On another occasion I watched a very different scene unfold. This party was very loud and full, and still this particular scene managed to grab my attention as an interesting exchange of power.
I was sitting in the largest of the rooms and there were so many different scenes going on. I wasn’t sure how much I would remember later to record in my notes. The music was loud and the lighting bright hot in some places and dark and shadowy in others, making it difficult for my eyes to adjust. Nearby was a group of 4 or 5 women with one man. Three of the women sat on throw blankets on the edge of a low stage near the front of the room, and one or two other women (they were coming and going over time, so I’m not sure exactly) kneeled on the floor next to the women sitting on the edge of the stage. Usually during a party, no one uses the stage, but play space seemed to be at a premium, and chairs even more so. All of them were dressed very nicely in lingerie, corsets, long robes, and heels. The man was on all fours in front of the group, with a collar and leash on. He was also wearing jeans, a t-shirt, and sneakers. Funny, I get used to seeing people naked or in fetish gear for parties. His casual street clothes seemed so out of place here. After watching them for awhile, I realized that the women were alternately petting and scratching the man like he was a dog, and tossing some black object across the floor that he would fetch. They were engaged in puppy play!
This was somewhat tricky in this space with so much going on. They all had to be careful not to accidently interrupt some other scene, or just get underfoot, but I didn’t notice anyone being bothered by what they were doing. It was quite adorable to watch. The women were giggling quietly and rough-housing with the “dog”, and he was scampering and acting like a very happy puppy. He would bark a little now and again, and then roll over as they scratched his chest and belly. Eventually the “fetch” scene devolved slowly and the group moved onto another location. The man was still wearing the collar and leash, being lead by his Mistresses. (January 9, 2011)

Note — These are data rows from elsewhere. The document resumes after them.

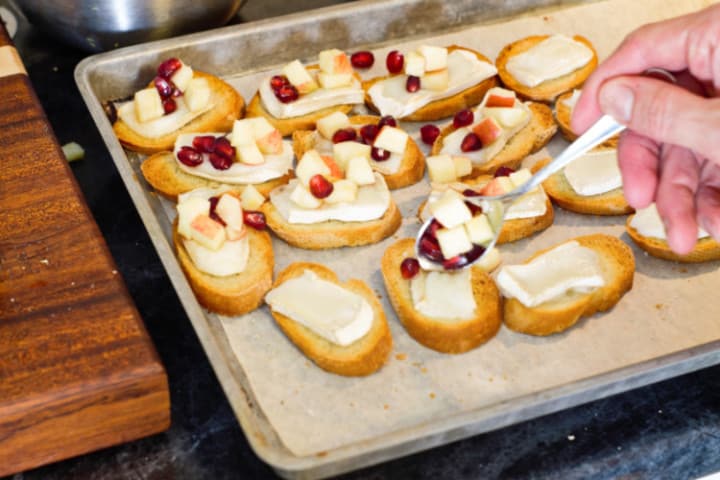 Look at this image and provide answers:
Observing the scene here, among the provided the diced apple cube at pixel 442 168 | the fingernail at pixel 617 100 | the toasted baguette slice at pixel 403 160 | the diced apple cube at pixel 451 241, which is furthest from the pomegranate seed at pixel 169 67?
the fingernail at pixel 617 100

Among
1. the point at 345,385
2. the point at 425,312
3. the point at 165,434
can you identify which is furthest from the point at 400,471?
the point at 165,434

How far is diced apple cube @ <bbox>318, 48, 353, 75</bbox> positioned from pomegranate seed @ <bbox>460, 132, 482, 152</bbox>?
0.51m

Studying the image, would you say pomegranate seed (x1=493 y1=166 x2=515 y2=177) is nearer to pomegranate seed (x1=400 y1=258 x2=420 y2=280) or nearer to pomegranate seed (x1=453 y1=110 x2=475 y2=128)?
pomegranate seed (x1=453 y1=110 x2=475 y2=128)

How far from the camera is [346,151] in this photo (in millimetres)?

In this exchange, there was a much more clear power dynamic than with the fire play in my opinion. Although the fire play portrayed clear bottom and top roles the exchange of power seemed more subtle, maybe more sensual, than with the puppy play. Here was a group of dominant women clearly in control of what the man, the puppy, was doing. They directed him to fetch and roll over and rewarded him when he obeyed. This type of animal play is an interesting facet of dominance, submission, and power exchange, and one that a few of the women I interviewed shared.

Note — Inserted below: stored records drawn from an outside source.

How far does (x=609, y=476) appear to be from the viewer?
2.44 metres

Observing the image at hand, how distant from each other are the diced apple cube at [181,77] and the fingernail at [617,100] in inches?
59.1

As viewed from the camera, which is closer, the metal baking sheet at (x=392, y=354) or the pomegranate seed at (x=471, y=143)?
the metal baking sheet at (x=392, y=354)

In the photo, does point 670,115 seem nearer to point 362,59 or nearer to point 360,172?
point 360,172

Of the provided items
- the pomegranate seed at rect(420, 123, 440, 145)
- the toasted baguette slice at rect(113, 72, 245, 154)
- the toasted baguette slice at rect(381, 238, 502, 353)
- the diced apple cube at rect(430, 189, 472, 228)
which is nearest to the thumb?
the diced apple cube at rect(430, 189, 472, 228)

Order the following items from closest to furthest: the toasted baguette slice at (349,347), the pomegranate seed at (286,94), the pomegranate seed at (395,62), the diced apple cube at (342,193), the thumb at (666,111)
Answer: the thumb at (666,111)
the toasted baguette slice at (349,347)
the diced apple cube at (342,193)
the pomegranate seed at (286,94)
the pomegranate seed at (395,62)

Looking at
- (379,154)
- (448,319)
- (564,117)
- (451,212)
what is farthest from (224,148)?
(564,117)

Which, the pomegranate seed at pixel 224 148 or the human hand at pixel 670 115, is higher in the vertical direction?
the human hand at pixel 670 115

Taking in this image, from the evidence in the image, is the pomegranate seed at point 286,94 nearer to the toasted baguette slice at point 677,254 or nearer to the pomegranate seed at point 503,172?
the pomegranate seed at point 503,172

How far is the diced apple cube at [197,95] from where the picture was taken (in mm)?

“I’m kind of a house pet here and it’s a lot lighter, you know, when you have pets… it’s like just a kitty cat… it’s just something that you want to nurture and you want to cuddle and you want to hold it’s not… the cat upsets you you’re not gonna beat your cat to fix the problem, you’re gonna try to figure a way to correct the issue, but it’s a much more… it’s a much lighter version I think is kind of how you would put it… and there’s not the…there’s not the SM really of it… there’s not a pain element or things like that…” (Interview with Georgia, February 5, 2011).
"I’m a bunny… and I’m very much a bunny in a person body and I like to crawl around on the floor and chew on things and get petted and scratched and hop around and snuggle." (Interview with kat, February 8, 2011).
"...part of being a pony is that you’re cared for... you totally surrender... somebody has to care for you... there are people that I know, they’re always looking up... they aren’t looking down... you have to particularly trust someone to guide you along where you can actually walk... also there’s a lot of trust... it’s a big trust game..." (Interview with subjanice, February 8, 2011).
Even in what seems to be lighthearted playacting of animal roles, there still are elements of trust. Those of us who have animal pets recognize the joy that comes from their unconditional love and companionship, based on an understanding that they trust us to care for them. This does not seem to be very different when people are acting as pets. We can clearly see a power dynamic between ourselves and our animal companions, where we are in charge of pretty much every aspect of their lives. This can also happen between people who are acting as pets and their owners, trainers, or caretakers.
Power is often discussed in terms of asymmetry, wherein power can only exist if there are at least two unequal entities. Blau (1964) discusses that in order for power to exist one person or actor must be in a superior position to and be capable of exerting his will on the other. Similarly, McCall and Simmons (1966) write that a person must be “…in a position to drive a harder bargain for his definition of the situation and his plans of action” (1966:157) in order for any sense of power to occur. These theorists believe that power cannot exist without a differential in resources, whether they are material or personality-driven. In fact, Blau (1964) writes, “Interdependence and mutual influence of equal strength indicate lack of power” (1964:118). Some of this is evident in the scenes described above, where a clear asymmetry of power is being displayed.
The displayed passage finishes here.